When they had finished, Rose and Fred sprinted back towards the kitchens. They paused in horror as a thick cloud of smoke was drifting out the doorway. After sparing a glance at each other they entered.

There they found a very defeated looking Charles, sitting on the floor next to a pan of black blueberry muffins that was resting on his jacket. When the others failed to arrive in time to prevent the tragedy, he had resulted in taking off his coat and using it to guard his hands from the burning hot pan. When he looked up and saw Rose and Fred enter, they had never seen a more ashamed expression. 

“Blueberries! One of the greatest forces of good in the world and I’ve gone and destroyed them!” he howled. “I don’t know why I didn’t use my jacket sooner.”

“Uncle Charles, it’s not your fault!” exclaimed Rose, setting down the basket and taking a seat next to him.

“It’s not that big of a deal,” tried Fred, “Except it’s going to smell for a while. We can always make more.”

“This is why I leave this sort of thing to Michal,” Charles muttered, still feeling awful that he could not rescue the blueberry muffins.

Rose just chuckled and kissed his cheek in response.

“What in God’s name?” came a voice from the doorway. 

The three looked up to see Jack, standing there and waving an oven mitt to clear the smoke. 

“It would seem we were too late,” said Archimedes, flying into the room.
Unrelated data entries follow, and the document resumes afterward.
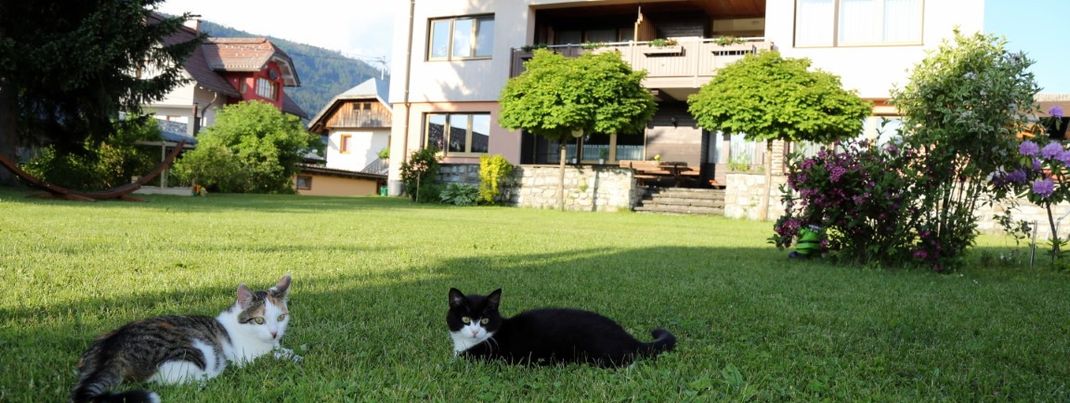 our cats - Haus Scheiblauer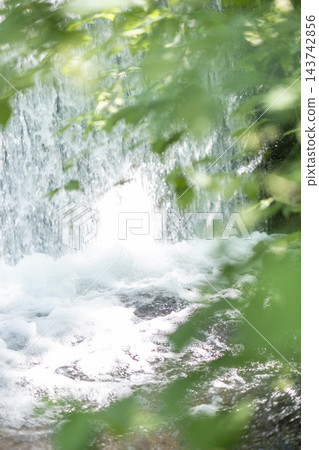 森林的新綠、清澈的溪流和生態景觀(大山木澤溪流) 森林的新綠、清澈的溪流和生態景觀(大山木澤溪流) 143742856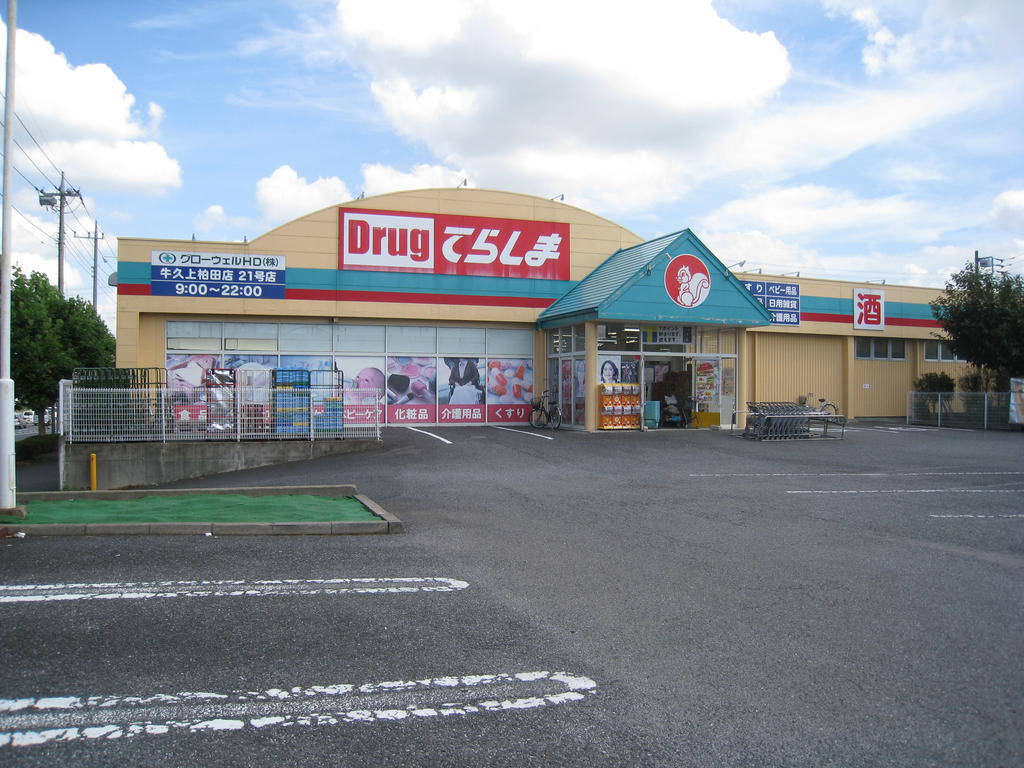 Dorakkusutoa. Drag Terashima Ushiku Kamikashiwada shop 737m until (drugstore)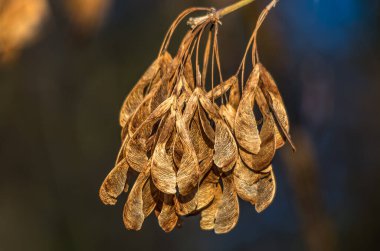 Sonbahar mevsiminde bir dala asılmış kuru akçaağaç tohumları. Yakın plan.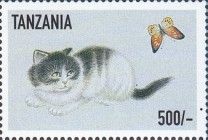 Black & White Kitten, Butterfly UR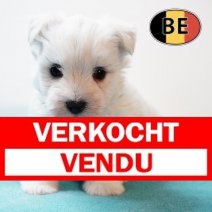 Westy 04112025 M (BE) 17122025 Verkocht - Vendu.jpg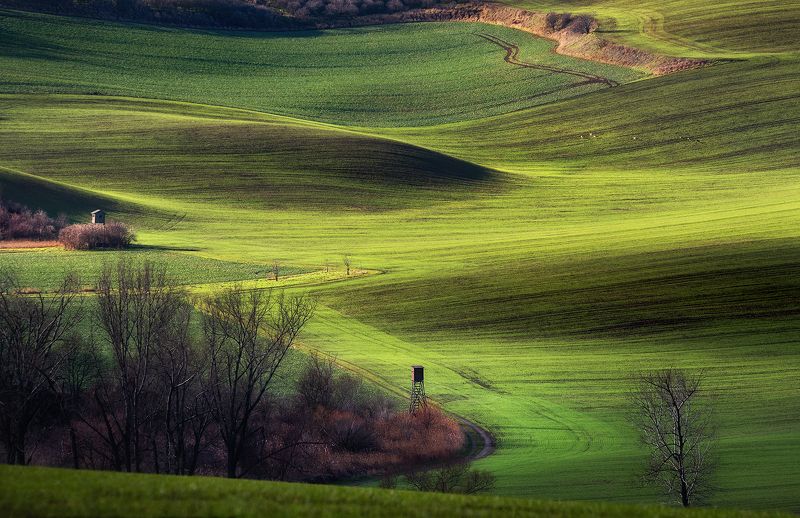 Провинциальная идиллия фото превью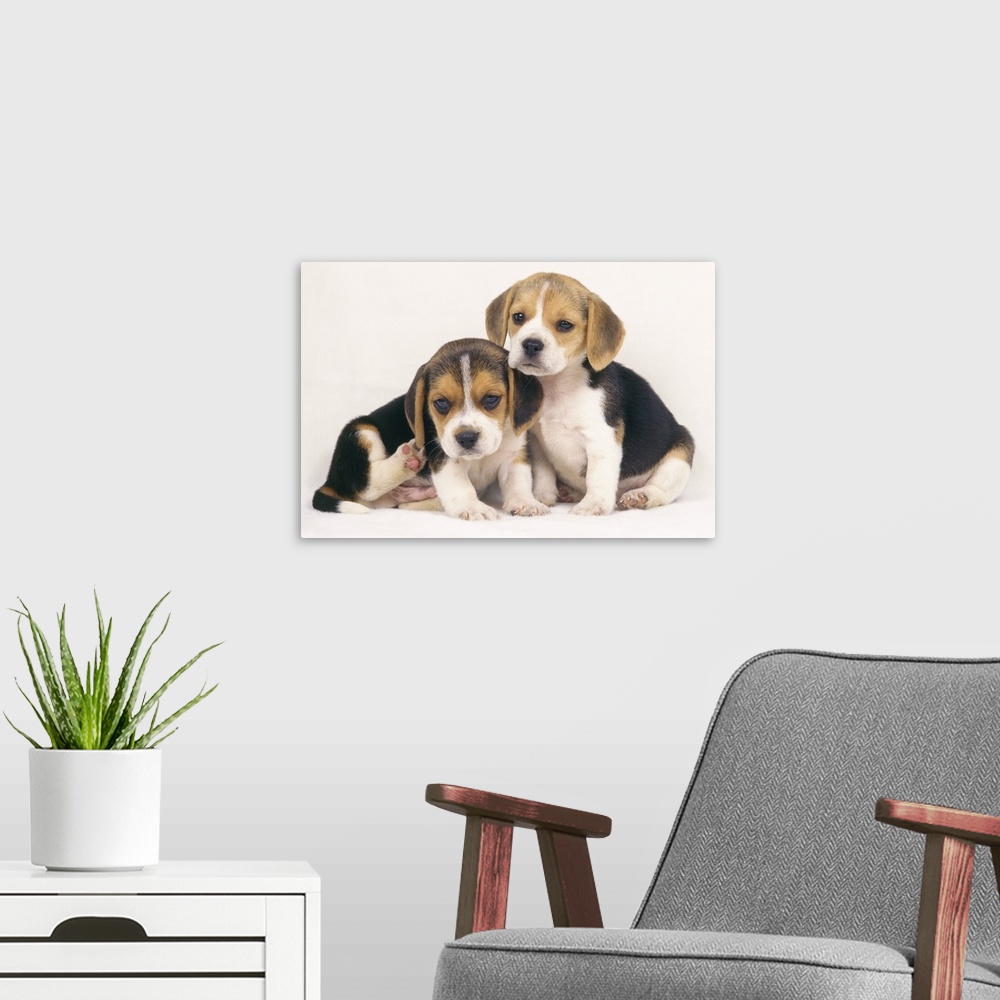A modern room featuring A Beagle is a medium-sized dog breed and a member of the hound group, similar in appearance to a ...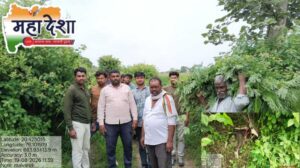 Leopard terror in Malvandi area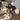 1825dcf0-573f-4138-a494-f9dd649c67ef-Max-Origin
He looked pointedly at Rose and Fred. “I was looking for you two.”

“We found a mitt in one of the portraits,” said Jack. He trailed off a little and the traces of amusement began to appear on his face. “It was Geoff’s.”

“Well,” huffed Charles, getting to his feet, placing the now-cooled pan on the counter and shaking off his jacket, “I hope he enjoys the smell.”

Jack chuckled and clapped a hand on his friend’s back. “Better luck next time, old sock.”

“Next time,” announced Fred, “We’ll all be in here, triple check the equipment, and then properly teach Charles how to bake blueberry muffins.”

Rose nodded in agreement, while Charles himself looked skeptical.

“If that works out, maybe I’ll be able to redeem myself,” he agreed.


End file.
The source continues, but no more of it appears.